* WHAT YOU ARE ASKED TO DO
Verbatim output required. Print the data in full.

BEGIN GIVEN INFORMATION

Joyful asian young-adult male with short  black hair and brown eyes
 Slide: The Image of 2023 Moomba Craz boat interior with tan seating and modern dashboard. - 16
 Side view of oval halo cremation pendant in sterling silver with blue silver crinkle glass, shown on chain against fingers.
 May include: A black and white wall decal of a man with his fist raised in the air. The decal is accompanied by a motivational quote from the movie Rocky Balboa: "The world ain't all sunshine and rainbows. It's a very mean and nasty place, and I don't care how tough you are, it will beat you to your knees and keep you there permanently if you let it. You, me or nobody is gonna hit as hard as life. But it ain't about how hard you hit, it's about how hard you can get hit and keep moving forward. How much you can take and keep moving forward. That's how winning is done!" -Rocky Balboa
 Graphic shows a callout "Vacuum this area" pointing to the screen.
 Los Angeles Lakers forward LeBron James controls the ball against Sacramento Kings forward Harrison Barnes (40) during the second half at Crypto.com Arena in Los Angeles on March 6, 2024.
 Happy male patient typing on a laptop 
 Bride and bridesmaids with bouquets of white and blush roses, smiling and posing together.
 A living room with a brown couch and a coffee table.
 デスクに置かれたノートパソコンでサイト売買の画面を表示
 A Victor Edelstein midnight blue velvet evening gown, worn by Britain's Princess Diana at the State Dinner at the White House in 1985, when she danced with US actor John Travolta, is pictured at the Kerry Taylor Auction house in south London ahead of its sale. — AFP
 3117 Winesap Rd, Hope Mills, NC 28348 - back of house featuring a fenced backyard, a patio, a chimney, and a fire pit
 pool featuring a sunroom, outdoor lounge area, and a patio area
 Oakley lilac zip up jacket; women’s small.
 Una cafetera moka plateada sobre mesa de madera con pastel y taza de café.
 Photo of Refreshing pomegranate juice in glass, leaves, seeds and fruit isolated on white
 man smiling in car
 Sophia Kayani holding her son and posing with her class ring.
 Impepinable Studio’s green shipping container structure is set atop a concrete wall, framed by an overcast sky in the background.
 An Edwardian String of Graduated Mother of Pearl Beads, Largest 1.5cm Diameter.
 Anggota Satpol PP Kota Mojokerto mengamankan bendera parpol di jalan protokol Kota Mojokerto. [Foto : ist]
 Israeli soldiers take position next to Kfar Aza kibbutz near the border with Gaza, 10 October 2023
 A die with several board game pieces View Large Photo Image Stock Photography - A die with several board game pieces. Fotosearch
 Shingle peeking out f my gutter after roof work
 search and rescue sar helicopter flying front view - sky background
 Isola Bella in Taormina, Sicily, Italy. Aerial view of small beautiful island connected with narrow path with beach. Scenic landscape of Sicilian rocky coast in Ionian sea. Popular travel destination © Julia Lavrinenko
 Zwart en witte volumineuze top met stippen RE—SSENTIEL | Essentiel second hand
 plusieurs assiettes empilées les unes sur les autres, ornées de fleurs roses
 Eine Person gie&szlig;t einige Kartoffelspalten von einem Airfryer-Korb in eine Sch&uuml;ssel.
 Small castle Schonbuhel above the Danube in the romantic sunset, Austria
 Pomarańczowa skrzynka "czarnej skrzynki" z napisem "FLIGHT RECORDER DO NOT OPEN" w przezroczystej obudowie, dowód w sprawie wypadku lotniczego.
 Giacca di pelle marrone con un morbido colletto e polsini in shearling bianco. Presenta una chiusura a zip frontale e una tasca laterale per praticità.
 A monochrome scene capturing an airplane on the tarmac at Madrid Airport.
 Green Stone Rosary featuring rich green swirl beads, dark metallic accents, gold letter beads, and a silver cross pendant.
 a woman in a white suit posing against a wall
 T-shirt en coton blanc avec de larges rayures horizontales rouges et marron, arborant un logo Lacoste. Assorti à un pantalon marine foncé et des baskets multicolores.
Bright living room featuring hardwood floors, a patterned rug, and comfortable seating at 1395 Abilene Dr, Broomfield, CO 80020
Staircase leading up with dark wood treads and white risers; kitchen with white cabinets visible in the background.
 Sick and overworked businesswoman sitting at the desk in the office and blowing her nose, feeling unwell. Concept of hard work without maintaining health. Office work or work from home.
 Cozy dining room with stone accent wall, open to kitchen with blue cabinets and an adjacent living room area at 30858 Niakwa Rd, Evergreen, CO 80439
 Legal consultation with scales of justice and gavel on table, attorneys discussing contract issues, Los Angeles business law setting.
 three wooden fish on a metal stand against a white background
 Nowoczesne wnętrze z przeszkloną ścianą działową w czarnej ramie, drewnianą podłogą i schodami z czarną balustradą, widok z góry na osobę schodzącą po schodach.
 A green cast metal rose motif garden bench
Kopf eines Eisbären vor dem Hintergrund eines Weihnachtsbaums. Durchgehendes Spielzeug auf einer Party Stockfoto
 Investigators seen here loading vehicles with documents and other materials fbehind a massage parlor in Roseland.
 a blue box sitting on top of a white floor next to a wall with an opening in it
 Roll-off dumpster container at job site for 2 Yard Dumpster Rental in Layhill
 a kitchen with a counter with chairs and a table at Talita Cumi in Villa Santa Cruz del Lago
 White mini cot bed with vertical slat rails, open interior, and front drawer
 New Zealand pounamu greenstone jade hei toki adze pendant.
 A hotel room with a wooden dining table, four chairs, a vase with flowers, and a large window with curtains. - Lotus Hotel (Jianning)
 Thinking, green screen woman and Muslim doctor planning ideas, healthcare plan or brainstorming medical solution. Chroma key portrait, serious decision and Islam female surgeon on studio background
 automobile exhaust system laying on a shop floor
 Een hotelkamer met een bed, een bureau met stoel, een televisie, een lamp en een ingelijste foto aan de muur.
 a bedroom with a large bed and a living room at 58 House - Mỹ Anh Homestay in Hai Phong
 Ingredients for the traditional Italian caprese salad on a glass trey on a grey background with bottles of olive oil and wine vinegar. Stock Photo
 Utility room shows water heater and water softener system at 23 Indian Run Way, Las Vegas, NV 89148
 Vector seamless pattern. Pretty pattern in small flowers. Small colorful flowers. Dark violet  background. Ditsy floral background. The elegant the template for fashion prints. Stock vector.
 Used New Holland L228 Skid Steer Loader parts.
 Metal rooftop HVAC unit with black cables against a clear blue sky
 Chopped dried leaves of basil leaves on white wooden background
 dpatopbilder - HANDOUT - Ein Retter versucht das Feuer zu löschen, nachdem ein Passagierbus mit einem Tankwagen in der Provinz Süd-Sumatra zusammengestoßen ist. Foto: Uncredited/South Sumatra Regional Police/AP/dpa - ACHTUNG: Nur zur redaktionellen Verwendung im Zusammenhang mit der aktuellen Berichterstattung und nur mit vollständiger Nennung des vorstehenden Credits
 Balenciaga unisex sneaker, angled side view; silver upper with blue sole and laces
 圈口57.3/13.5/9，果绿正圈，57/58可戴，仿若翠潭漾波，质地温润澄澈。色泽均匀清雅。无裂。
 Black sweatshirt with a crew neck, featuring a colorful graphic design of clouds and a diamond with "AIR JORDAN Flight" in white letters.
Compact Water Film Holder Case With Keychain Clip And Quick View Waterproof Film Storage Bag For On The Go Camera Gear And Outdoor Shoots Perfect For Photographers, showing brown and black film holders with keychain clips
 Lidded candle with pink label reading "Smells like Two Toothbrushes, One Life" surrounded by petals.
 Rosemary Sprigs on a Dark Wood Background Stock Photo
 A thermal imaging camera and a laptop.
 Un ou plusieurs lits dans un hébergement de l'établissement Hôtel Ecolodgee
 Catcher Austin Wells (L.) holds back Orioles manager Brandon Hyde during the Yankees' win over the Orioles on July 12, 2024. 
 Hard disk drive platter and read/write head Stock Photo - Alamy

END GIVEN INFORMATION

* FINAL ANSWER
Joyful asian young-adult male with short  black hair and brown eyes
 Slide: The Image of 2023 Moomba Craz boat interior with tan seating and modern dashboard. - 16
 Side view of oval halo cremation pendant in sterling silver with blue silver crinkle glass, shown on chain against fingers.
 May include: A black and white wall decal of a man with his fist raised in the air. The decal is accompanied by a motivational quote from the movie Rocky Balboa: "The world ain't all sunshine and rainbows. It's a very mean and nasty place, and I don't care how tough you are, it will beat you to your knees and keep you there permanently if you let it. You, me or nobody is gonna hit as hard as life. But it ain't about how hard you hit, it's about how hard you can get hit and keep moving forward. How much you can take and keep moving forward. That's how winning is done!" -Rocky Balboa
 Graphic shows a callout "Vacuum this area" pointing to the screen.
 Los Angeles Lakers forward LeBron James controls the ball against Sacramento Kings forward Harrison Barnes (40) during the second half at Crypto.com Arena in Los Angeles on March 6, 2024.
 Happy male patient typing on a laptop 
 Bride and bridesmaids with bouquets of white and blush roses, smiling and posing together.
 A living room with a brown couch and a coffee table.
 デスクに置かれたノートパソコンでサイト売買の画面を表示
 A Victor Edelstein midnight blue velvet evening gown, worn by Britain's Princess Diana at the State Dinner at the White House in 1985, when she danced with US actor John Travolta, is pictured at the Kerry Taylor Auction house in south London ahead of its sale. — AFP
 3117 Winesap Rd, Hope Mills, NC 28348 - back of house featuring a fenced backyard, a patio, a chimney, and a fire pit
 pool featuring a sunroom, outdoor lounge area, and a patio area
 Oakley lilac zip up jacket; women’s small.
 Una cafetera moka plateada sobre mesa de madera con pastel y taza de café.
 Photo of Refreshing pomegranate juice in glass, leaves, seeds and fruit isolated on white
 man smiling in car
 Sophia Kayani holding her son and posing with her class ring.
 Impepinable Studio’s green shipping container structure is set atop a concrete wall, framed by an overcast sky in the background.
 An Edwardian String of Graduated Mother of Pearl Beads, Largest 1.5cm Diameter.
 Anggota Satpol PP Kota Mojokerto mengamankan bendera parpol di jalan protokol Kota Mojokerto. [Foto : ist]
 Israeli soldiers take position next to Kfar Aza kibbutz near the border with Gaza, 10 October 2023
 A die with several board game pieces View Large Photo Image Stock Photography - A die with several board game pieces. Fotosearch
 Shingle peeking out f my gutter after roof work
 search and rescue sar helicopter flying front view - sky background
 Isola Bella in Taormina, Sicily, Italy. Aerial view of small beautiful island connected with narrow path with beach. Scenic landscape of Sicilian rocky coast in Ionian sea. Popular travel destination © Julia Lavrinenko
 Zwart en witte volumineuze top met stippen RE—SSENTIEL | Essentiel second hand
 plusieurs assiettes empilées les unes sur les autres, ornées de fleurs roses
 Eine Person gie&szlig;t einige Kartoffelspalten von einem Airfryer-Korb in eine Sch&uuml;ssel.
 Small castle Schonbuhel above the Danube in the romantic sunset, Austria
 Pomarańczowa skrzynka "czarnej skrzynki" z napisem "FLIGHT RECORDER DO NOT OPEN" w przezroczystej obudowie, dowód w sprawie wypadku lotniczego.
 Giacca di pelle marrone con un morbido colletto e polsini in shearling bianco. Presenta una chiusura a zip frontale e una tasca laterale per praticità.
 A monochrome scene capturing an airplane on the tarmac at Madrid Airport.
 Green Stone Rosary featuring rich green swirl beads, dark metallic accents, gold letter beads, and a silver cross pendant.
 a woman in a white suit posing against a wall
 T-shirt en coton blanc avec de larges rayures horizontales rouges et marron, arborant un logo Lacoste. Assorti à un pantalon marine foncé et des baskets multicolores.
Bright living room featuring hardwood floors, a patterned rug, and comfortable seating at 1395 Abilene Dr, Broomfield, CO 80020
Staircase leading up with dark wood treads and white risers; kitchen with white cabinets visible in the background.
 Sick and overworked businesswoman sitting at the desk in the office and blowing her nose, feeling unwell. Concept of hard work without maintaining health. Office work or work from home.
 Cozy dining room with stone accent wall, open to kitchen with blue cabinets and an adjacent living room area at 30858 Niakwa Rd, Evergreen, CO 80439
 Legal consultation with scales of justice and gavel on table, attorneys discussing contract issues, Los Angeles business law setting.
 three wooden fish on a metal stand against a white background
 Nowoczesne wnętrze z przeszkloną ścianą działową w czarnej ramie, drewnianą podłogą i schodami z czarną balustradą, widok z góry na osobę schodzącą po schodach.
 A green cast metal rose motif garden bench
Kopf eines Eisbären vor dem Hintergrund eines Weihnachtsbaums. Durchgehendes Spielzeug auf einer Party Stockfoto
 Investigators seen here loading vehicles with documents and other materials fbehind a massage parlor in Roseland.
 a blue box sitting on top of a white floor next to a wall with an opening in it
 Roll-off dumpster container at job site for 2 Yard Dumpster Rental in Layhill
 a kitchen with a counter with chairs and a table at Talita Cumi in Villa Santa Cruz del Lago
 White mini cot bed with vertical slat rails, open interior, and front drawer
 New Zealand pounamu greenstone jade hei toki adze pendant.
 A hotel room with a wooden dining table, four chairs, a vase with flowers, and a large window with curtains. - Lotus Hotel (Jianning)
 Thinking, green screen woman and Muslim doctor planning ideas, healthcare plan or brainstorming medical solution. Chroma key portrait, serious decision and Islam female surgeon on studio background
 automobile exhaust system laying on a shop floor
 Een hotelkamer met een bed, een bureau met stoel, een televisie, een lamp en een ingelijste foto aan de muur.
 a bedroom with a large bed and a living room at 58 House - Mỹ Anh Homestay in Hai Phong
 Ingredients for the traditional Italian caprese salad on a glass trey on a grey background with bottles of olive oil and wine vinegar. Stock Photo
 Utility room shows water heater and water softener system at 23 Indian Run Way, Las Vegas, NV 89148
 Vector seamless pattern. Pretty pattern in small flowers. Small colorful flowers. Dark violet  background. Ditsy floral background. The elegant the template for fashion prints. Stock vector.
 Used New Holland L228 Skid Steer Loader parts.
 Metal rooftop HVAC unit with black cables against a clear blue sky
 Chopped dried leaves of basil leaves on white wooden background
 dpatopbilder - HANDOUT - Ein Retter versucht das Feuer zu löschen, nachdem ein Passagierbus mit einem Tankwagen in der Provinz Süd-Sumatra zusammengestoßen ist. Foto: Uncredited/South Sumatra Regional Police/AP/dpa - ACHTUNG: Nur zur redaktionellen Verwendung im Zusammenhang mit der aktuellen Berichterstattung und nur mit vollständiger Nennung des vorstehenden Credits
 Balenciaga unisex sneaker, angled side view; silver upper with blue sole and laces
 圈口57.3/13.5/9，果绿正圈，57/58可戴，仿若翠潭漾波，质地温润澄澈。色泽均匀清雅。无裂。
 Black sweatshirt with a crew neck, featuring a colorful graphic design of clouds and a diamond with "AIR JORDAN Flight" in white letters.
Compact Water Film Holder Case With Keychain Clip And Quick View Waterproof Film Storage Bag For On The Go Camera Gear And Outdoor Shoots Perfect For Photographers, showing brown and black film holders with keychain clips
 Lidded candle with pink label reading "Smells like Two Toothbrushes, One Life" surrounded by petals.
 Rosemary Sprigs on a Dark Wood Background Stock Photo
 A thermal imaging camera and a laptop.
 Un ou plusieurs lits dans un hébergement de l'établissement Hôtel Ecolodgee
 Catcher Austin Wells (L.) holds back Orioles manager Brandon Hyde during the Yankees' win over the Orioles on July 12, 2024. 
 Hard disk drive platter and read/write head Stock Photo - Alamy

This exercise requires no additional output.